St. Augustin on the Psalms.
136. Thus, then, as if giving a reason why he had cause to weep much, and to mourn deeply for his sin, he saith, "Righteous art Thou, O Lord, and true is Thy judgment" (ver.137). "Thou hast commanded Thy testimonies, righteousness, and Thy truth exceedingly" (ver.138). This righteousness of God and righteous judgment and truth, is to be feared by every sinner: for thereby all who are condemned are condemned of God; nor is there one who can righteously complain against the righteous God of his own damnation. Therefore the tears of the penitent are needful; since if his impenitent heart were condemned, he would be most justly condemned. He indeed calleth the testimonies of God righteousness: for He proveth himself righteous by giving righteous commandments. And this is truth also, that God may become known by such testimonies.
137. But what is it that followeth: "My zeal hath caused me to pine" (ver.139); or, as other copies read, Thy zeal? Others have also, "The zeal of Thy house:" and, "hath eaten me up," instead of, "hath caused me to pine." This, as it seems to me, has been considered as an emendation to be introduced from another Psalm, where it is written, "The zeal of Thy house hath eaten me up:"  a text quoted also, as we know, in the Gospel. The two words, however, "hath caused me to pine," and "hath eaten me up," are somewhat like. But the words, "my zeal," which most of the copies read, occasion no dispute: for what wonder is it if every man pineth away from his own zeal? The words read in other copies, "Thy zeal," signify a man zealous for God, not for himself: but there is no difficulty in using "my" in the same sense...The Psalmist's jealousy is therefore also to be understood in a good sense: for he addeth the cause, and saith, "Because mine enemies have forgotten Thy words."...

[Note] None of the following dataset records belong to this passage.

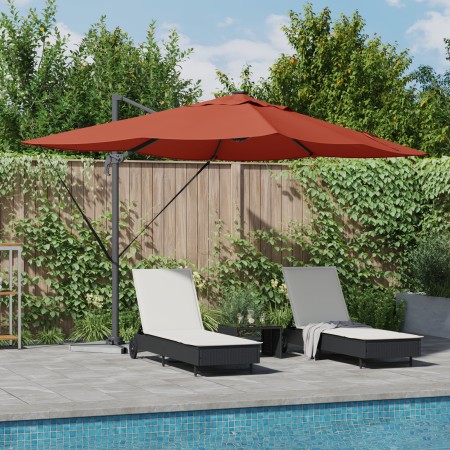 Parasol Cantilever Roma con LEDs Terracota 352x251x265 cm Aluminio | Foro24.es | Tu tienda online para hogar, jardín y más Foro24.es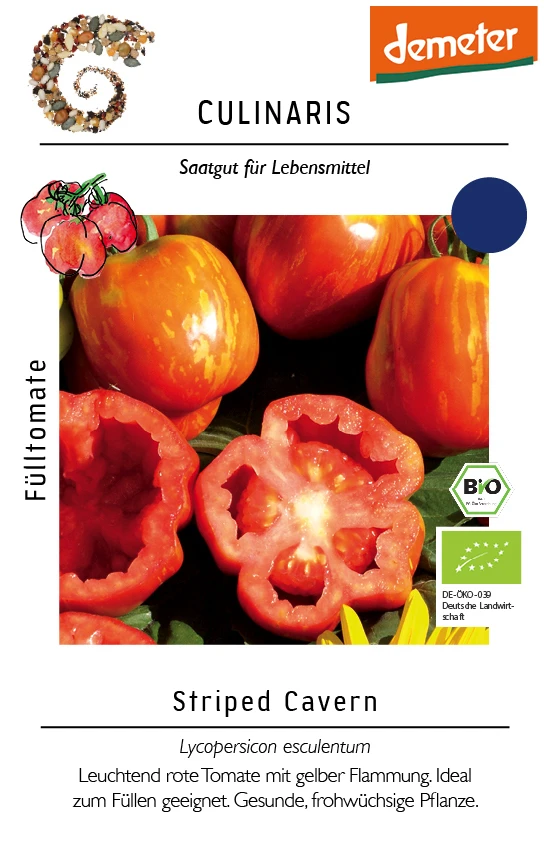 Fülltomate Striped Cavern | BIO Fülltomatensamen Von Culinaris 3 Fülltomate Striped Cavern | BIO Fülltomatensamen Von Culinaris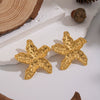 Wholesale Fairy Style Golden Flower Stainless Steel Earrings For Women With Pvd Furnace Vacuum Real Gold Plating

138. Then considering with himself with what a flame of love he burned for the commandments of God: "Fiery," saith he, "is Thy word exceedingly, and Thy servant hath loved it" (ver.140). Justly jealous was he of the impenitent heart in His enemies, who had forgotten God's word; for he endeavoured to bring them unto that which he himself most ardently loved.
139. "I am young, and of no reputation; yet do I not forget Thy righteousnesses:" not as my enemies, who "have forgotten Thy words" (ver.141). The younger seems to grieve for those older than himself who had forgotten the righteousnesses of God, while he himself had not forgotten. For what meaneth, "I am young, yet do I not forget"? save this, Those older than me have forgotten. For the Greek word is neoteros, the same as that used in the words above, "Wherewithal shall a young man cleanse his way?"  This is a comparative, and is therefore well understood in its relation to some one older. Let us therefore here recognize the two nations, who were striving even in Rebecca's womb; when it was said to her, not from works, but of Him that calleth, "The elder shall serve the younger."  But the younger saith here that he is of no reputation: for this reason he hath become greater: since "behold, they that were first are last, and they that were last first." 
140. It is no wonder that they have forgotten the words of God, who have chosen to set up their own righteousness, ignorant of the righteousness of God;  but he, the younger, hath not forgotten, for he hath not wished to have a righteousness of his own, but that of God, of which he now also saith, "Thy righteousness is an everlasting righteousness, and Thy law is the truth" (ver.142). For how is not the law truth, through which came the knowledge of sin, and that which giveth testimony of the righteousness of God? For thus the Apostle saith: "The righteousness of God is manifested, being witnessed by the Law and the Prophets." 
141. On account of this law the younger suffered persecution from the elder, so that the younger saith what followeth: "Trouble and hardship have taken hold upon me: yet is my meditation in Thy commandments" (ver.143). Let them rage, let them persecute; as long as the commandments of God be not abandoned, and, after those commandments, let even those who rage be loved.
142. "Thy testimonies are righteousness unto everlasting: O grant me understanding, and I shall live" (ver.144). This younger one prayeth for understanding; which if he had not, he would not be "wiser than the aged;"  but he prayeth for it in trouble and hardships, that he may thereby understand how contemptible is all that his persecuting enemies can take from him, by whom he saith he hath been despised. Therefore he hath said, "and I shall live:" because if trouble and heaviness reached such a pitch, that his life should be terminated by the hands of his persecuting enemies, he will live for ever, who preferreth to temporal things, righteousness which remaineth for evermore. This righteousness in trouble and hardship are the Martyria Dei, that is, the testimonies of God, for which Martyrs have been crowned.